For Julia Gillard the story so far on superannuation reform is routine: a meek attempt to float reform possibilities through ‘leaks’, a widespread backlash from interested parties and a partial backdown before the event. But hopefully the prime minister will persevere – not because money is needed elsewhere, but because the system is urgently in need of renovation.
Of course there are arguments that superannuation should be ‘left alone’ but that reasoning is flawed. It’s a ‘live’ system and many of the troubles emerging now were never envisaged by its creators.
At their worst Paul Keating introduced a compulsory system that left the gates wide open for industry manipulation, while Peter Costello added elaborations that moved the system towards a complexity that was often only useful to financial planners and sophisticated investors.
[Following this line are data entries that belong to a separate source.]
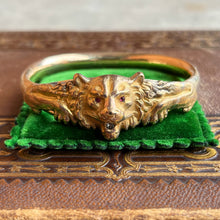 Load image into Gallery viewer, c. 1900s Gold Filled Lion Bracelet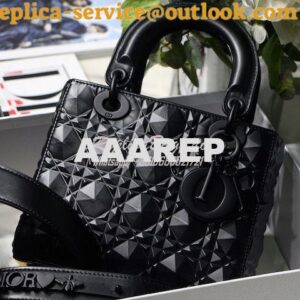 Replica Dior Small Lady Dior My ABCdior Bag Black Cannage Calfskin wit 2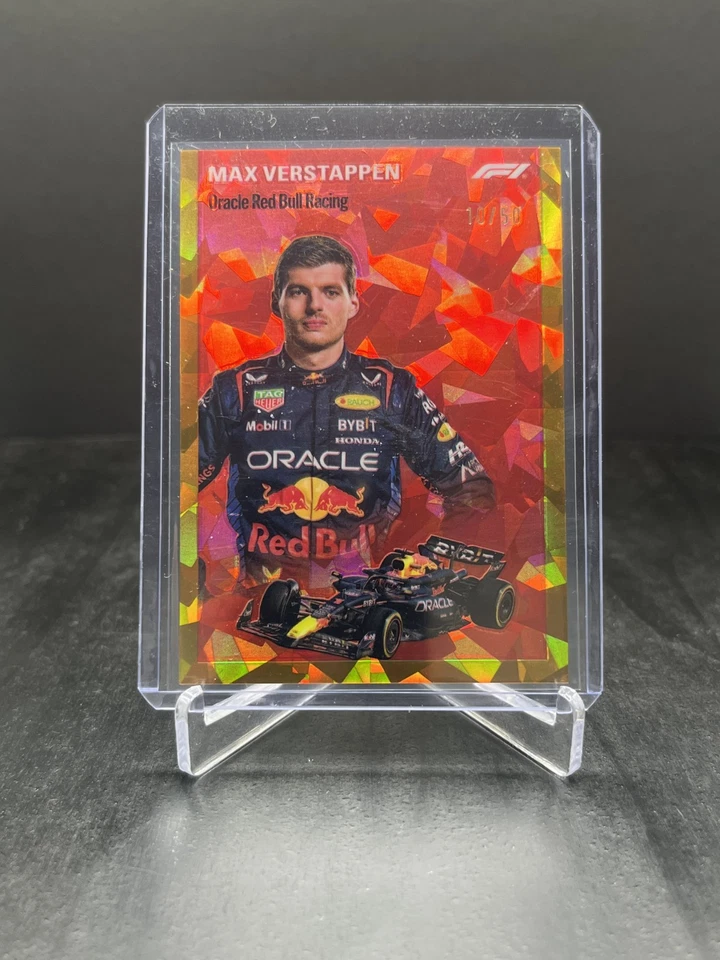 2024 Topps Chrome Sapphire F1 Max Verstappen Topps 1954 Gold 10/50 #1954-1 - Image 1 of 2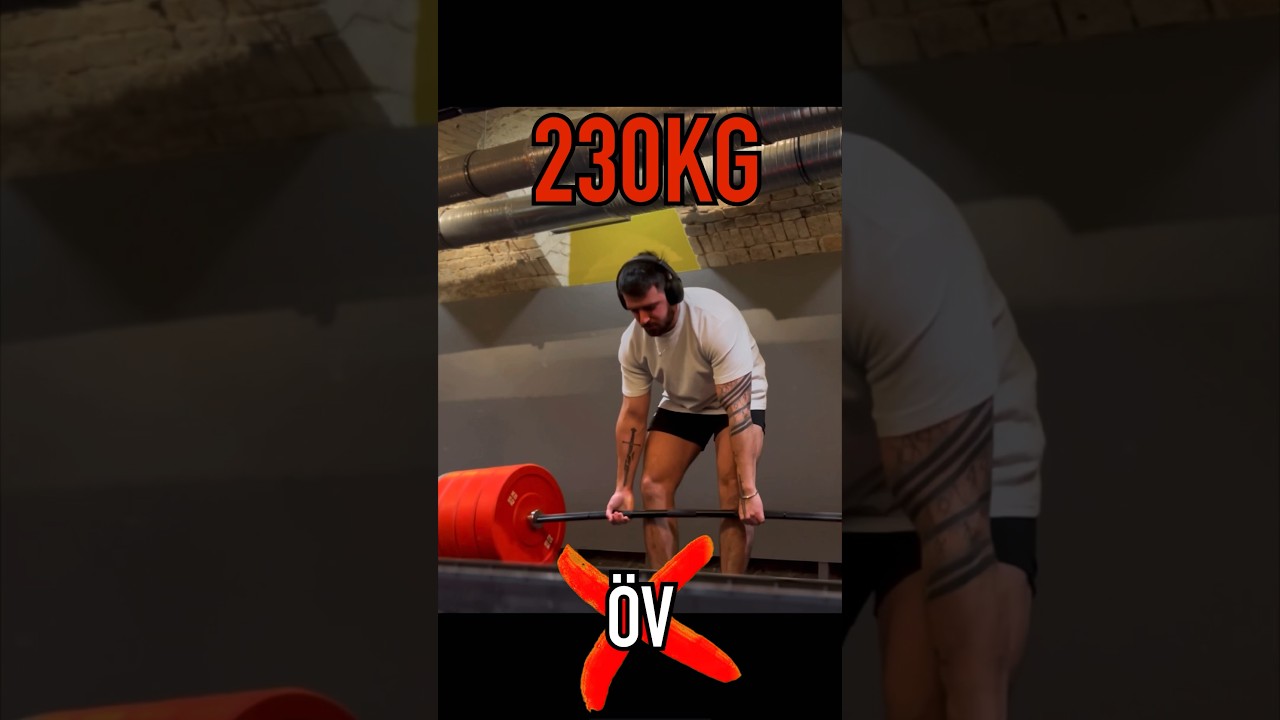 &Ouml;V✅  VS.  ❌&Ouml;V | DEADLIFT |  #powerlifting #test&eacute;p&iacute;t&eacute;s #bodybuilding #erőemel&eacute;s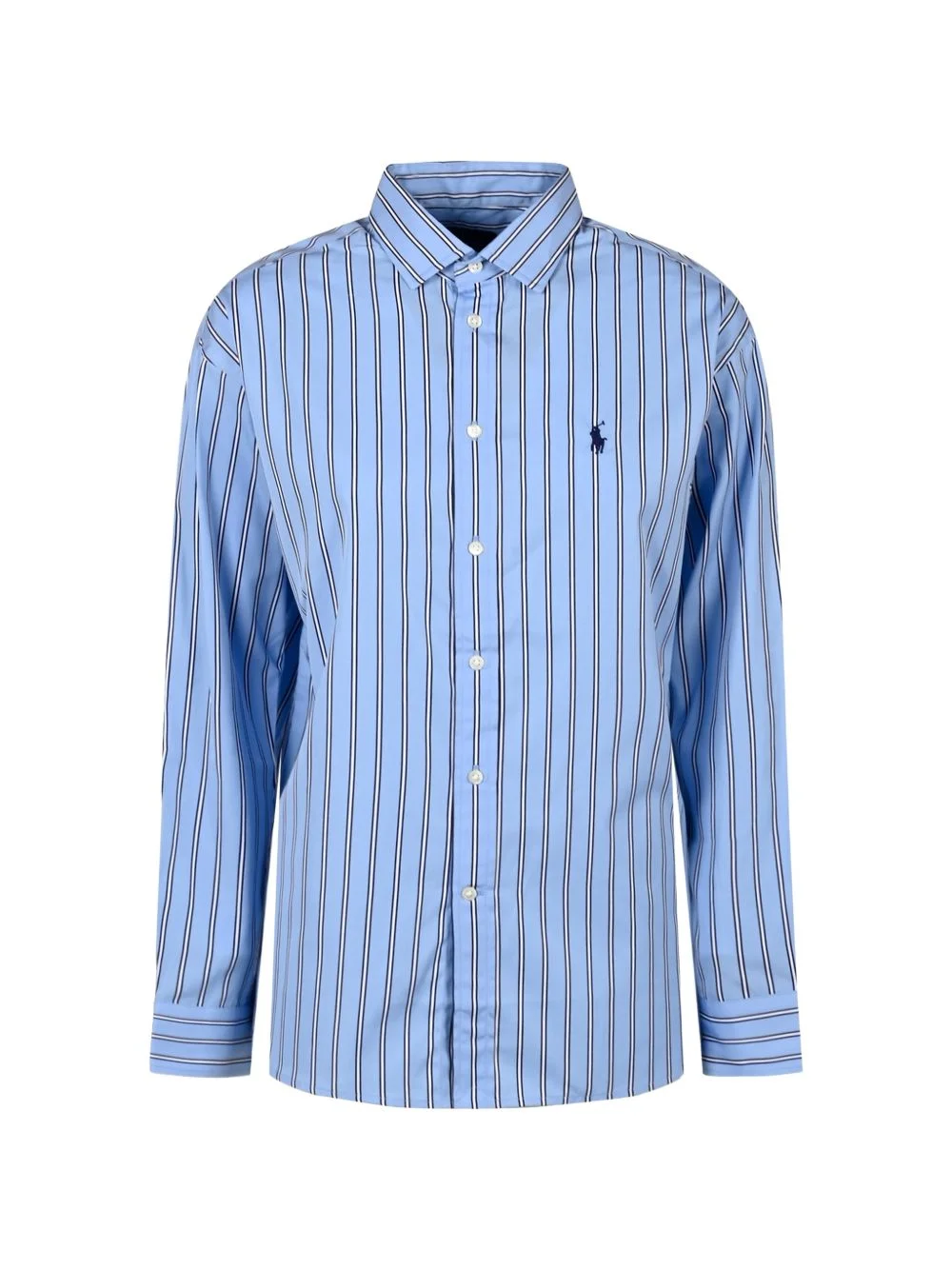 relaxed-fit striped cotton shirt - 1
Indeed with a powerful switch towards internet-enabled direct investing where superannuants make more choices for themselves, and with the rise of DIY super (now representing one in three dollars held in superannuation) more people than ever are at risk in an imperfect system.
What might be done? It would be reasonable for the Gillard regime to cancel the co-contribution scheme (where high earners can improve household tax bills by ‘helping’ lower income spouses). That concession is an anomaly. Separately, there could be a review of the ‘re-contribution’ strategies allowed under the current system, which at their very worst line the pockets of adult children of wealthy superannuants.
Further, as the Financial Services Council has suggested this week – with regard to the ever growing longevity risk in this country – superannuation access should be lifted to the age of 62 from 60 at present.
Meanwhile, a twice-postponed promise to restore tax concessions for those over 50 to $50,000 a year should be finally introduced, while the current general ‘cap’ of $25,000 should be confirmed beyond doubt.
But what is essential is that the Gillard regime tackles the superannuation system to reform and refinance it, rather than to raid it.
The list of potentially rewarding progressive reforms is considerable but three stand out:
1. Superannuation savers need reliable choices for ‘yield’ investments, but infrastructure plans remain hidebound with an immature infrastructure market. Superannuants – especially DIY super operators –should be encouraged to bridge the gap.
2. Though the government has now allowed superannuation investors to buy residential property, the procedures are difficult and financing expensive. A DIY super fund can buy hedge funds and other derivative based products with ease but to buy a house is exceptionally difficult... simplify the process.
3. A comprehensive regulation of the finance company sector must be introduced (that is, companies that are not Authorised Deposit-Taking Institutions). With each successive finance company failure – Fincorp, Storm, Banksia – superannuation savers are caught out.
Gillard may have cooled debate around the most sensitive issue within the system by promising to leave the tax free status of those over 60 in place, but the superannuation debate is only beginning. Of course there are vested interests at every turn but the system, flawed though it may be, basically works. Now there is a chance to make it really successful – not just for the wealthy but for all.